4.3 Following up on Bernoulli

Suppose \(X\) is binomially distributed:

\[X\sim Bin(n,\theta) \\ f(x|\theta) = {n\choose x} \theta^x (1-\theta)^{n-x}\]

From the warmup, given that \(E(X)=p\), we know that

\[\begin{aligned} I(\theta) & = -E_{\theta} \left[ \frac{d^2 log f(x|\theta)}{d\theta^2}\right] \\ & = \frac{1}{\theta (1-\theta)} \end{aligned}\]

Then \(\pi_J(\theta) = I(\theta)^{\frac{1}{2}} \propto \theta^{\frac{1}{2}}(1-\theta)^{\frac{1}{2}}\), so the Jeffreys prior has the distribution of a \(Beta\left(\frac{1}{2},\frac{1}{2}\right)\) density. Below, we can see the distributions of a \(Beta\left(\frac{1}{2},\frac{1}{2}\right)\) and a \(Beta(1, 1)\), or flat prior.

library(ggplot2)
library(reshape2)

x <- seq(0,1,length=200)
beta_dist <- data.frame(cbind(x, dbeta(x,1,1), dbeta(x,0.5,0.5)))

colnames(beta_dist) <- c("x","a=1 b=1","a=0.5 b=0.5")

beta_dist <- melt(beta_dist,x)

g <- ggplot(beta_dist, aes(x,value, color=variable))
g+geom_line() + labs(title="Beta Distribution") + labs(x="Probability", y="density")

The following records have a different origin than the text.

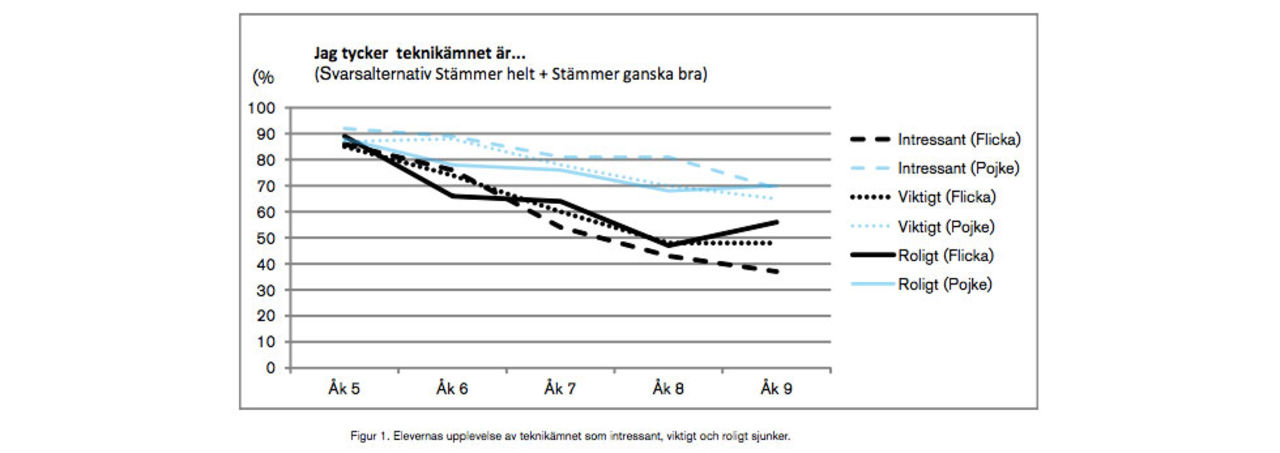 Skolinspektionen kritiserar tekniklektioner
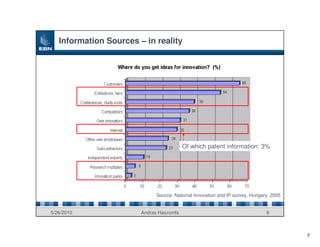 Information Sources – in reality




                                           Of which patent information: 3%




                              Source: National Innovation and IP survey, Hungary, 2005


5/26/2010               Andras Haszonits                                       8



                                                                                         7
 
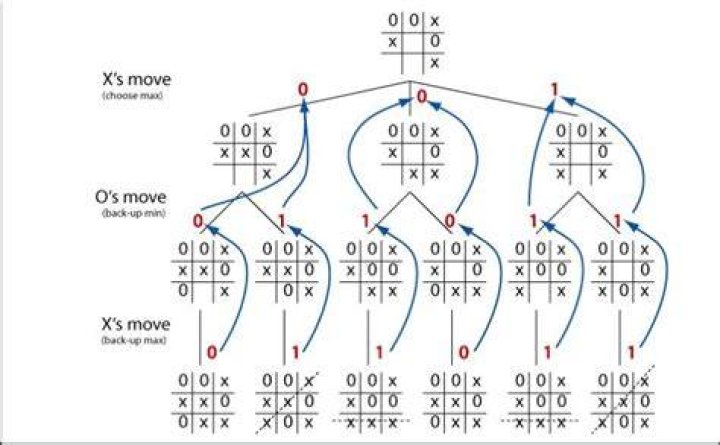 How do traditional chess engines work?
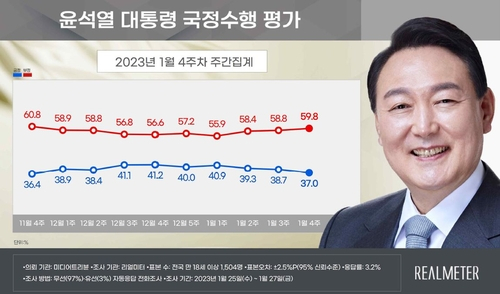 윤석열 대통령 국정수행 지지율 추이 〈리얼미터 제공〉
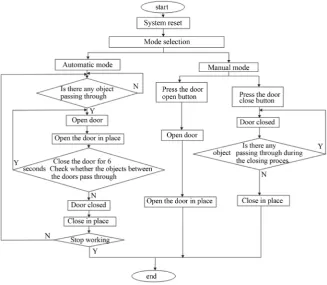 Figure 3. System flow chart. 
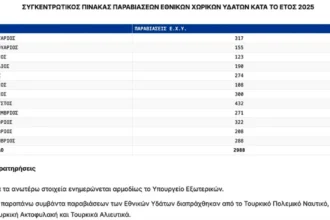 Επανήλθε η ένταση στο Αιγαίο: Σχεδόν 3.000 παραβιάσεις των ελληνικών χωρικών υδάτων από τουρκικά πλοία κατέγραψε το ΓΕΕΘΑ σε έναν χρόνο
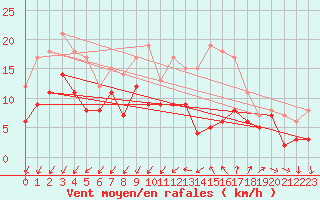 Courbe de la force du vent pour Bziers Cap d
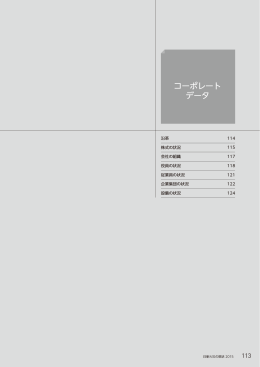 コーポレート データ
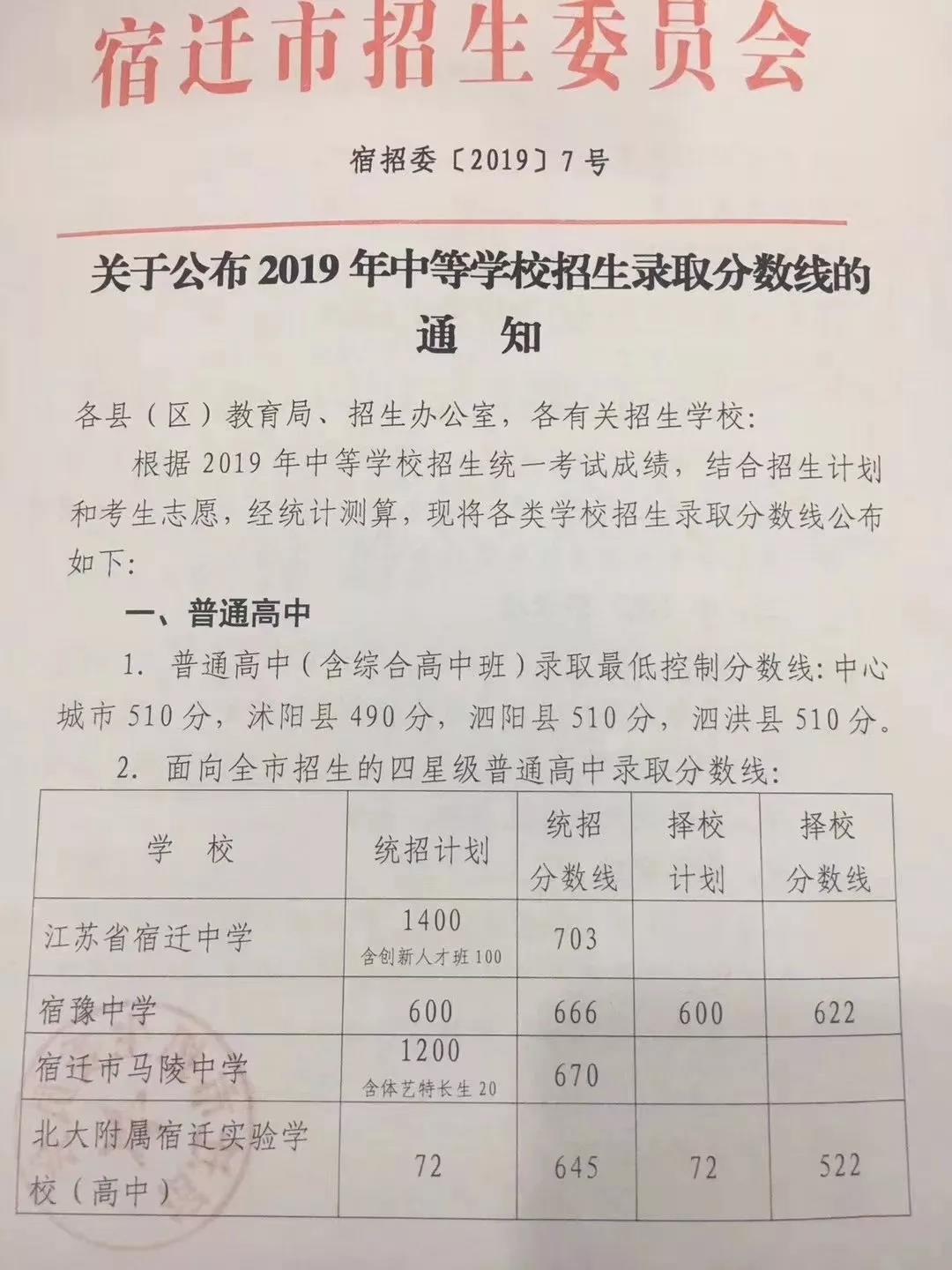 2019꽭Kwпͨȡ֔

Here, we see that the Jeffreys prior compensates for the likelihood by weighting the extremes. Under the likelihood, data around \(p=0.5\) has the least effect on the posterior, while data that shows a true \(p=0\) or \(p=1\) will have the greatest effect on the posterior. The Jeffreys prior is noninformative because it weights the opposite of the likelihood function while a flat prior would not. In this case, the Jeffreys prior happens to be a conjugate prior, though this is not always true.